After a failed attempt ages ago, I finally read I Will Fear No Evil by Robert Heinlein carefully and from cover to cover. It was painful, it was fun, and I got a lot more out of the experience than I expected.
Back in my early 20s, I stopped reading Evil after getting only 50 pages into the book. I detested Heinlein's inside look at what he thought it would be like to be a twenty-something woman. The book's story, simply, is that the brain of a rich old man is successfully transplanted into the body of a beautiful young woman. The new person establishes his/her identity in the face of legal challenges, learns to act and dress like a woman, explores the wonders of sex, and makes nice with the household staff.
Now that I'm a woman in my early 40s, I'm more amused by an old man's fantasies about what life as a woman is like. That perspective is not why I tried rereading the book. What actually drew me back was that I remembered Heinlein's powers of foresight were simply outstanding, miraculous, even.

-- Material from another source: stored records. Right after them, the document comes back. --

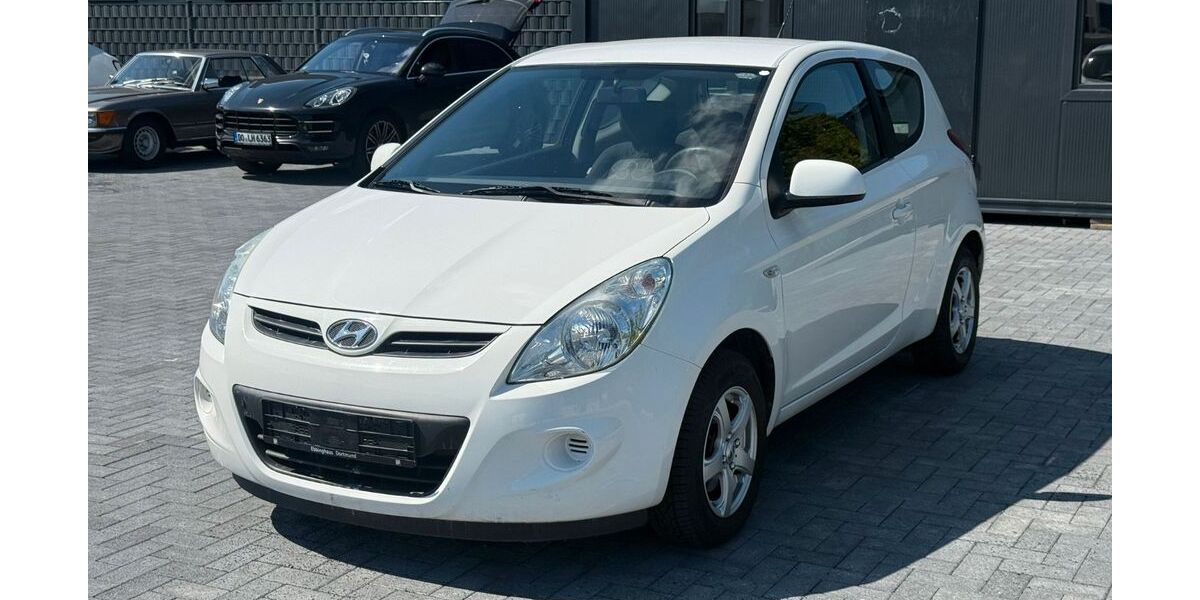 Hyundai i20 138.412 km 3.650 &euro; Dortmund 44149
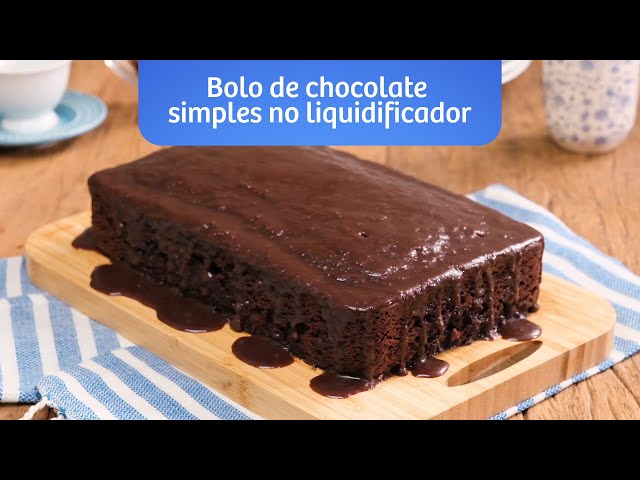 Bolo de Chocolate, simples, de liquidificador, com água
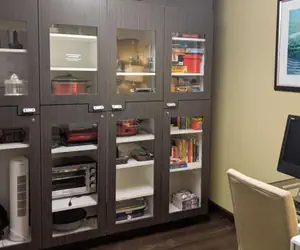 Photo 4 - Sonesta Simply Suites Hampton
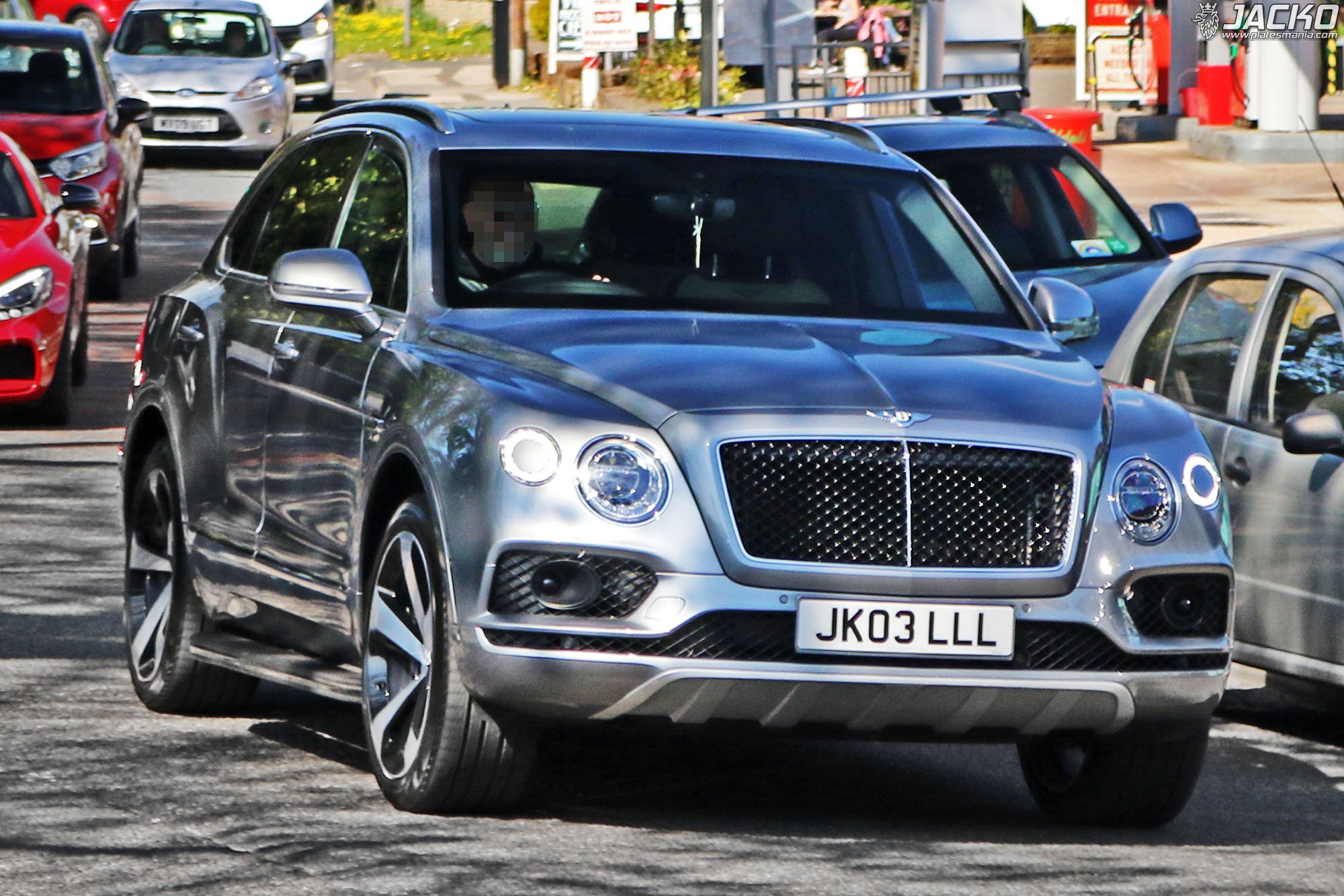JK03LLL, Bentley Bentayga 1st gen (PL71), 2016–2020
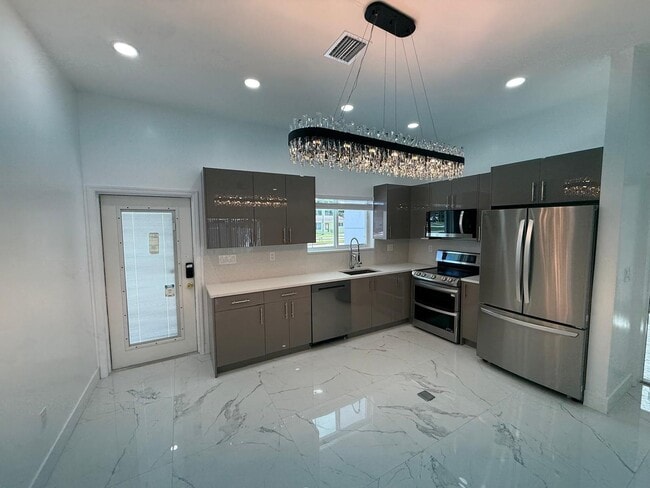 Foto del edificio - 6319 Southgate Blvd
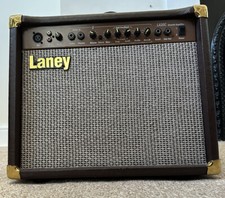laney acoustic amplifierLA30C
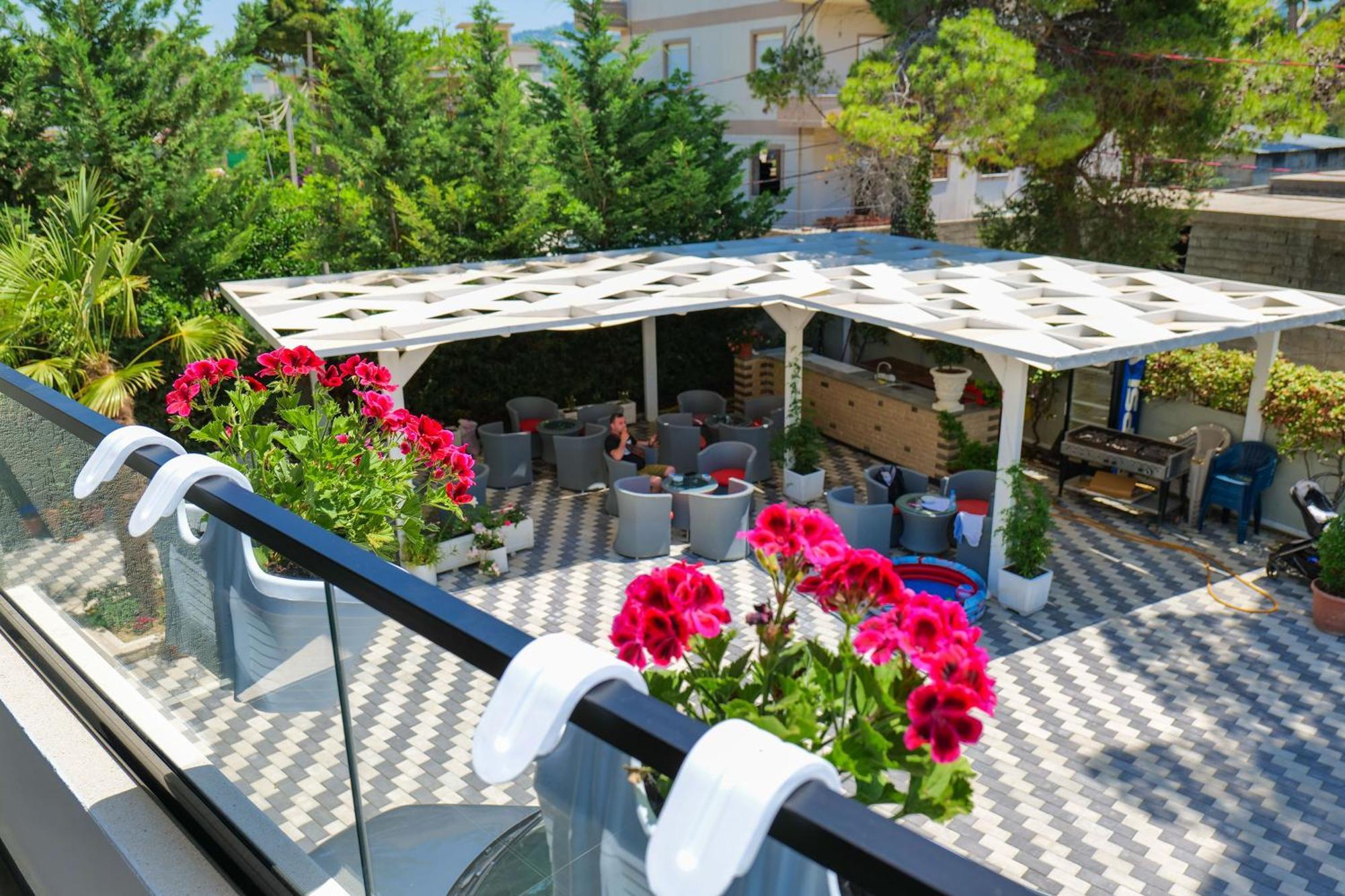 Hotel Celaj Вльора Екстер'єр фото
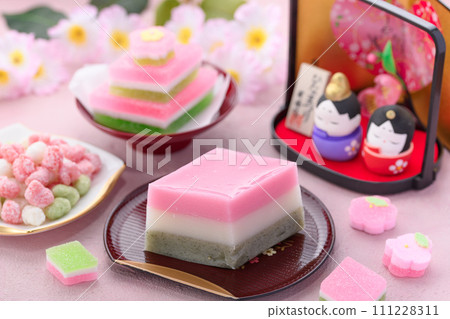 Hinamatsuri's diamond mochi and doll's sweets Image of Hinamatsuri 111228311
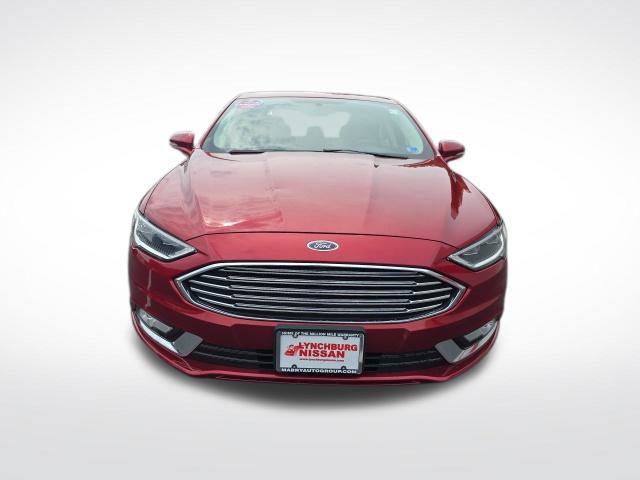 Used 2017 Ford Fusion SE w/ Fusion SE Technology Package FWD image 8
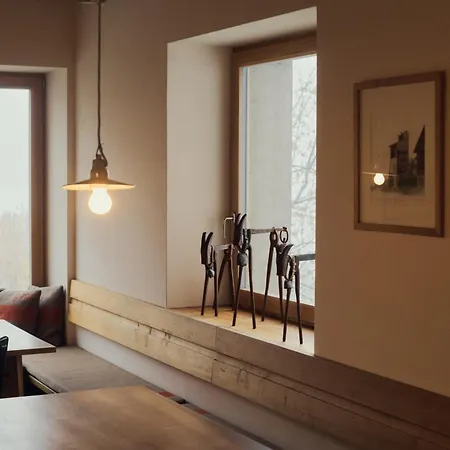Ξενοδοχείο Ustria Steila Und Restaurant *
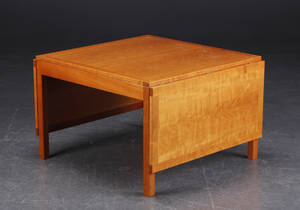 Børge Mogensen. Sofabord med klapper, model 3262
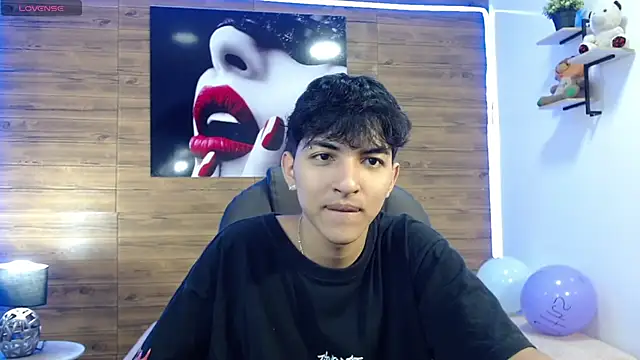 JasperFlam3 online show from October 9, 2025, 3:23 pm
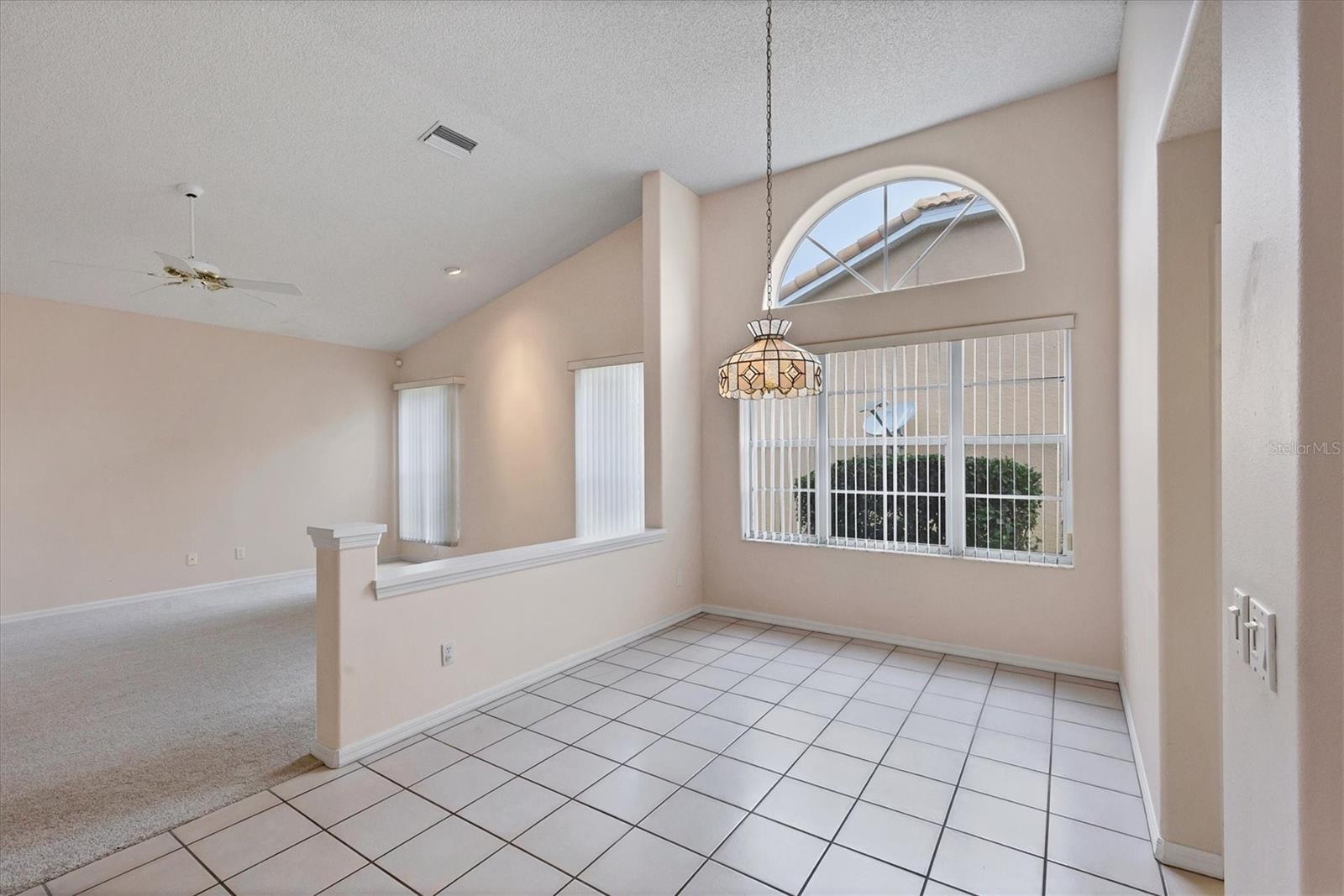 A4665158 Property Photo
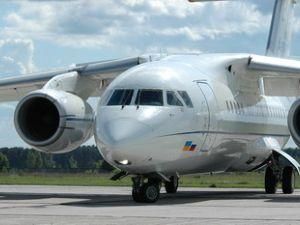 В Симферополе самолет с пассажирами на борту совершил аварийную посадку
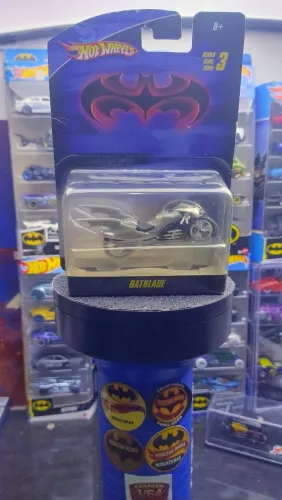 Hotwheels 1/64 Batblaide BATMAN
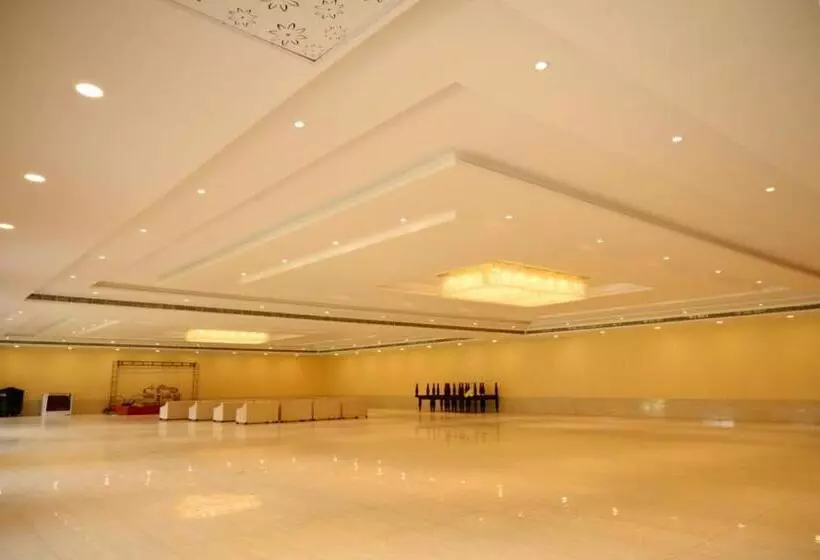 Hotelli Gill Resort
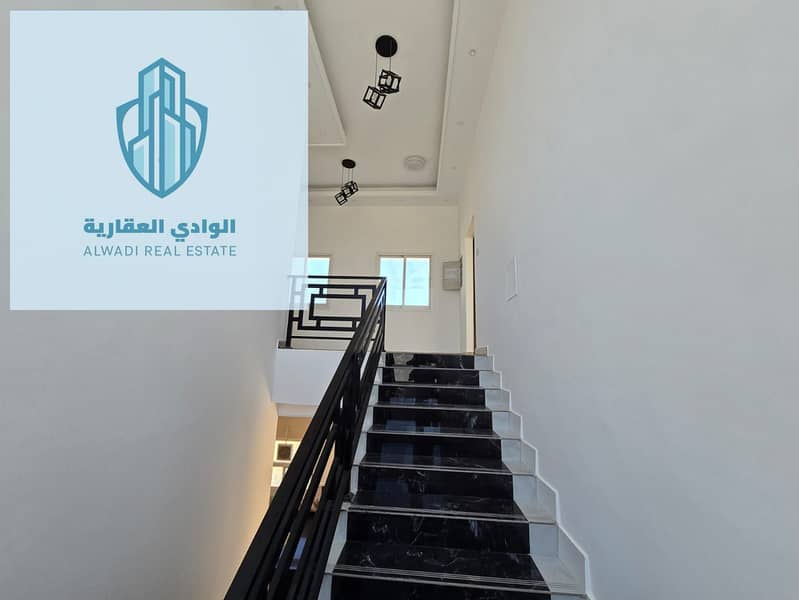 4 WhatsApp Image 2025-04-16 at 19.51. 11_afd428c9. jpg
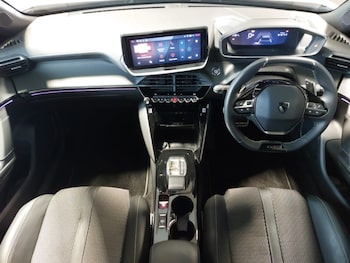 Used Peugeot 2008 2024 for sale - 76130045: Photo 2
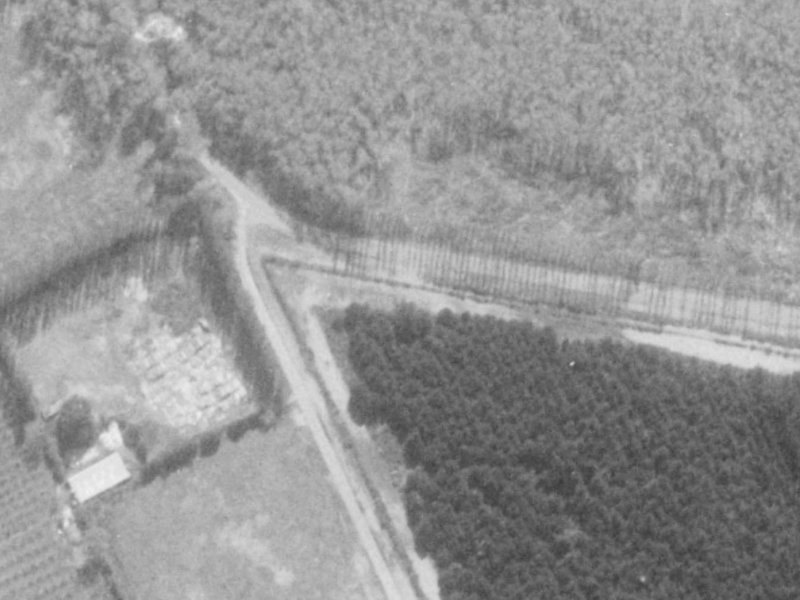 10 Farrells Road from the air, 1975-1979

Passages about women's fashion actually made me stop reading. Heinlein seemed fixated on secretaries wearing nothing but body paint. I could stand no more of this sort of prose:
"...some days I may wear nothing but paint -- stilt heels to make my legs look even better -- yes" ...
"Tomorrow you are a mermaid."
"All right."
"And tonight. Upper body seagreen with rosy glow showing through on lips and cheeks and nipples. Lower body golden fish scales blending at waist. Undersea background with sunlight filtering down. Traditional seabottom symbols, romantic. But upside down." ...
She gurgled happily, "Joe, you're a genius!"
Lately body paint has been in the news, and every time I see body paint, I think of Heinlein. Seeing nipples under body paint comes up a lot in Evil. A losing candidate from New Zealand, Keith Locke, promised to go around nude if he lost the election. He did go naked, except for the body paint. And the underwear. And the shoes. (That's cheating). It really is hard to see his nipples.
I even saw a woman wearing nothing but neon body paint in an attractively applied assortment of colors at the 2005 Bay to Breakers race. (I have photos of her, too, but mostly from the side and back.)
Heinlein's depiction of the "Crazy Years," the famous time roughly in the late 20th century in Heinlein's fiction when civic structures break down, made me laugh out loud, cheer, and quote passages out loud to my spouse as I read Evil all the way through. I remembered his descriptions of such craziness and thought it might soothe me to see the associated horrors handled in a fictional way. G.W.'s behavior lately reminded me of the civic lunacy that seeps through some of Heinlein's fiction. One of my favorite remarks by the main character is:
"... and now we are a de-facto anarchy under an elected dictator even though we still have laws and legislatures and Congress."
Right on, Mr. Heinlein! I could not have said it better myself.
I enjoyed the little interludes at the beginning of some sections that describe the Crazy Years. The astronauts union (AFL-CIO) gave me a chuckle as did some old, but still funny jokes about behavioral psychologists (every time a dog salivates a behavioral psychologist has to ring a bell). Sadly, Heinlein puts such prose in only as an after thought.
After the first 150 pages, I found the novel hard going. The book is dull from no action. The characters lay around and get painted, or are invalid, or are recuperating. If they are actually sitting, they are meditating, or thinking, or yakking, or commuting.
In preparation for this blog entry, I did a bit of research on Heinlein and I have come to respect the man. Apparently, he was one of the pioneers of modern science fiction. His greatest contribution was that he described characters who took their fantastical worlds for granted. Older sci-fi characters spent pages and pages and describing technological marvels to each other. How tedious! Thanks to Mr. Heinlein, we have more gripping adventure stories and a controversial oeuvre to consider. Did Heinlein stay liberal to the end or did he turn libertarian and pseudo-fascist as some people say after Starship Troopers came out? I have my own, completely unsubstantiated, opinions now.
I'll add Stranger in a Strange Land and Time Enough for Love some day. I may even go back and read Have Space Suit -- Will Travel.